- INSTRUCTIONS FOR THE TASK: If an entry holds a picture, drop the picture but restate the entry word for word.

Records from a data source:
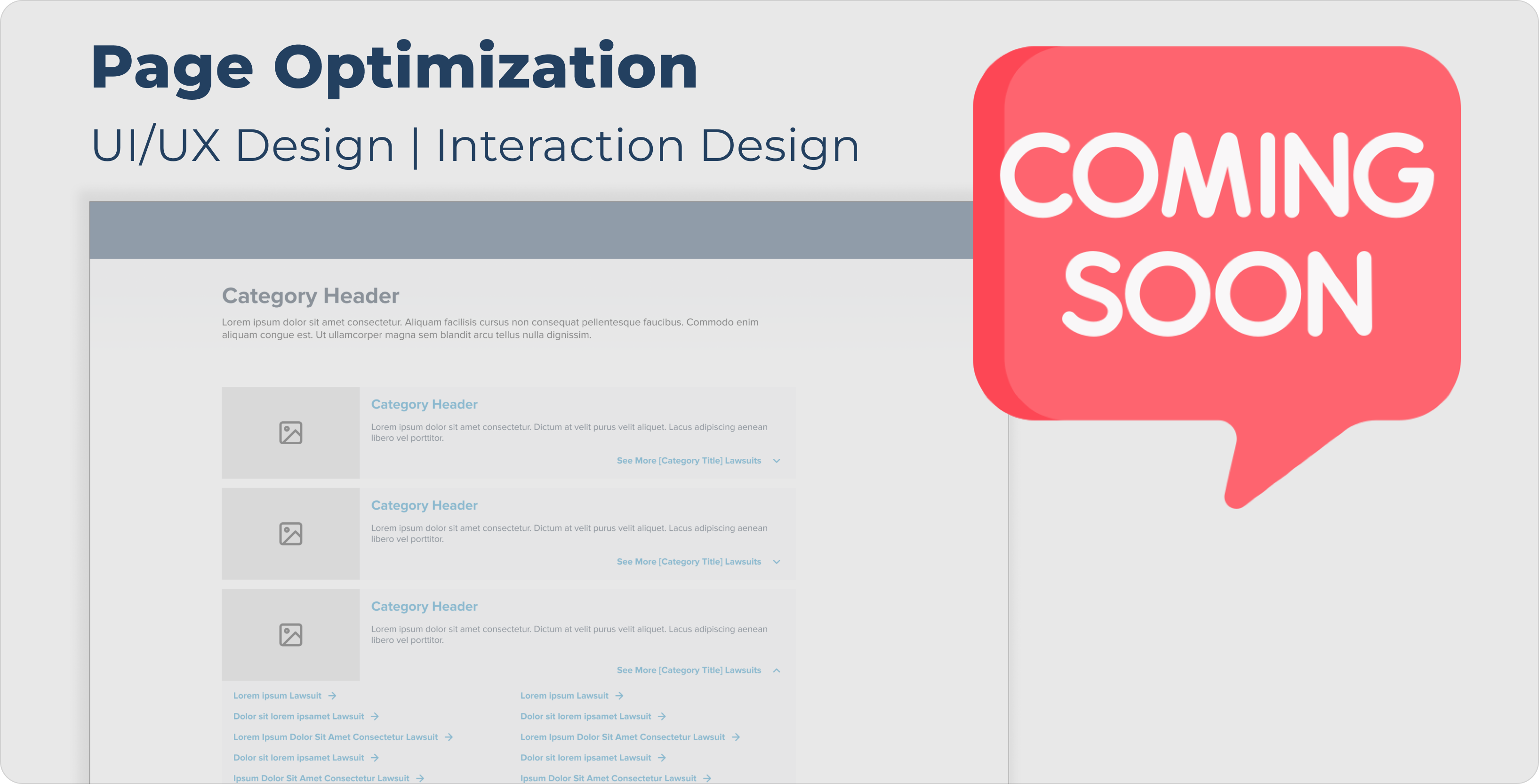 page optimization case study cover shows the information slightly greyed out with a large "Coming Soon" sign to indicate this is not yet ready for viewing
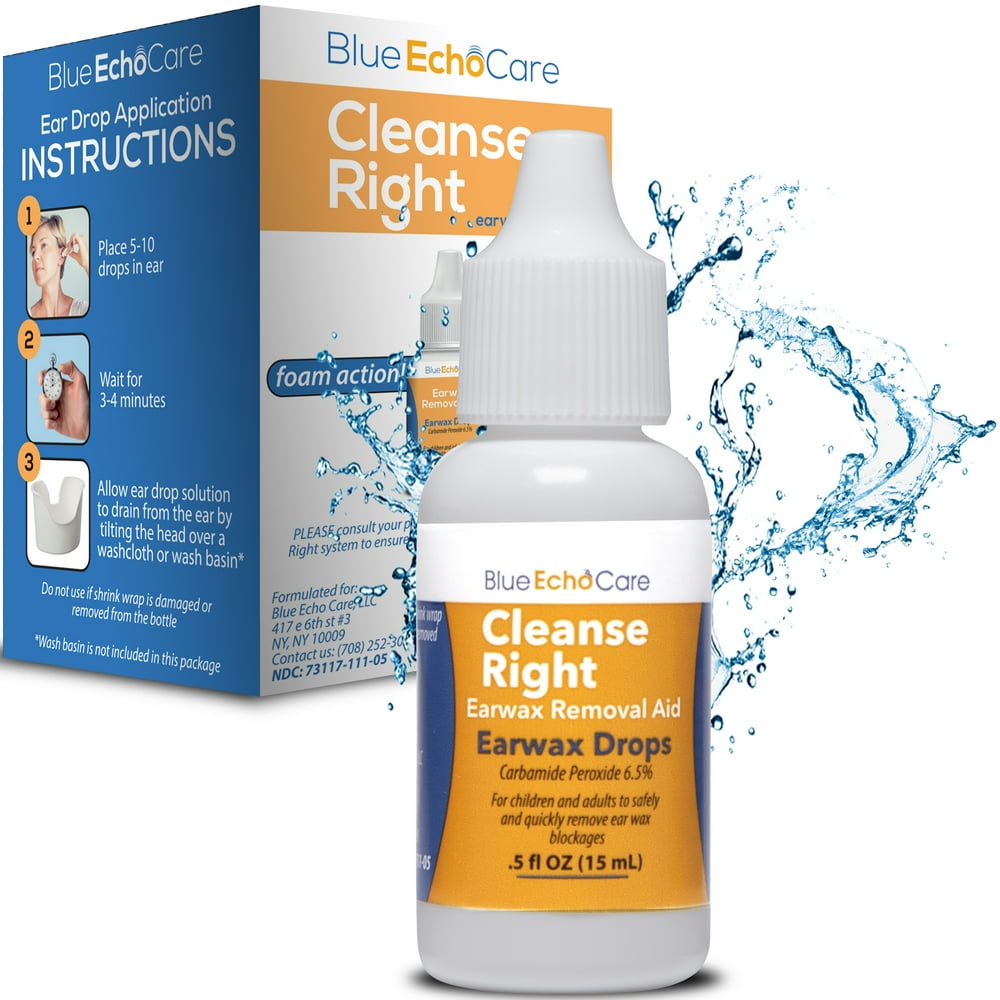Cleanse Right FDA Approved, USA Made, Ear Wax Removal Ear Drops for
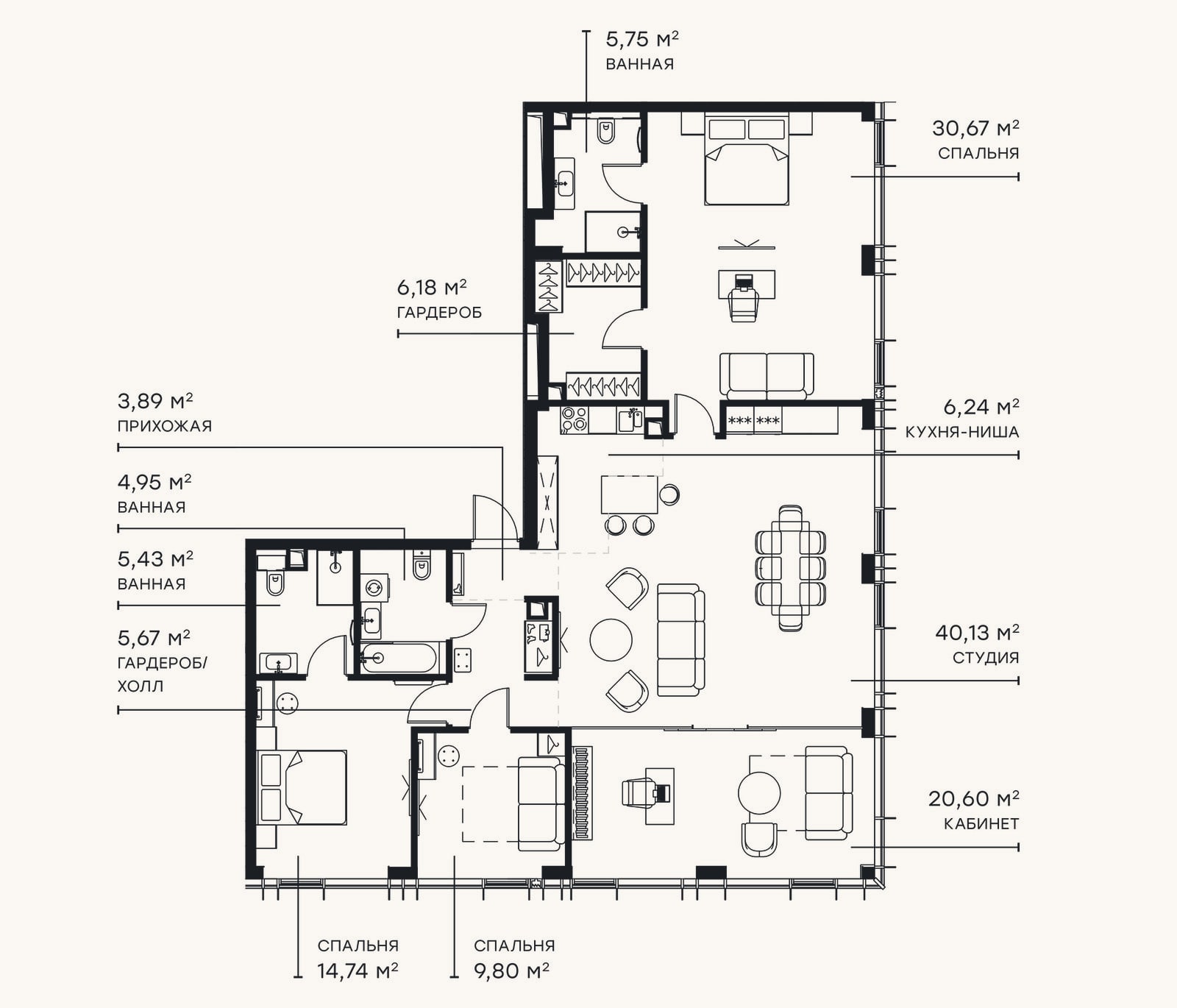 Планировка: 4+ к, 154,1 м²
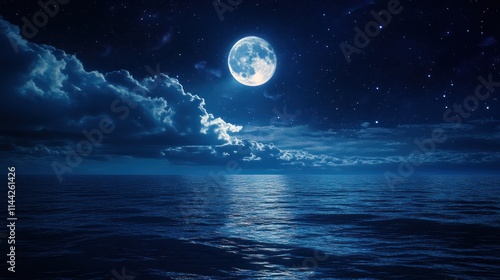 Serene Moonlit Ocean: A Nighttime Seascape Under a Full Moon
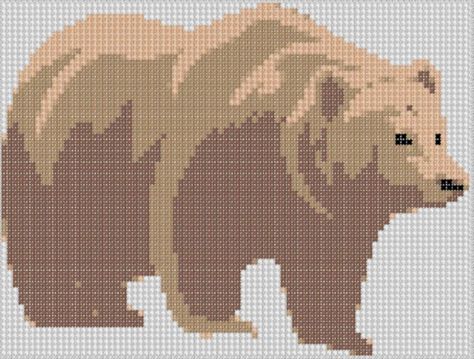 Looking for your next project? You're going to love Brown Bear Cross Stitch Pattern  by designer Motherbeedesigns. Bear Cross Stitch Pattern, Bear Cross Stitch, Cross Stitch Christmas Ornaments, Beaded Cross Stitch, Beadwork Patterns, Cross Stitch Animals, Tapestry Crochet, Canvas Crafts, Crochet Chart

- YOUR RESPONSE:
 page optimization case study cover shows the information slightly greyed out with a large "Coming Soon" sign to indicate this is not yet ready for viewing
Cleanse Right FDA Approved, USA Made, Ear Wax Removal Ear Drops for
 Планировка: 4+ к, 154,1 м²
 Serene Moonlit Ocean: A Nighttime Seascape Under a Full Moon
 Looking for your next project? You're going to love Brown Bear Cross Stitch Pattern  by designer Motherbeedesigns. Bear Cross Stitch Pattern, Bear Cross Stitch, Cross Stitch Christmas Ornaments, Beaded Cross Stitch, Beadwork Patterns, Cross Stitch Animals, Tapestry Crochet, Canvas Crafts, Crochet Chart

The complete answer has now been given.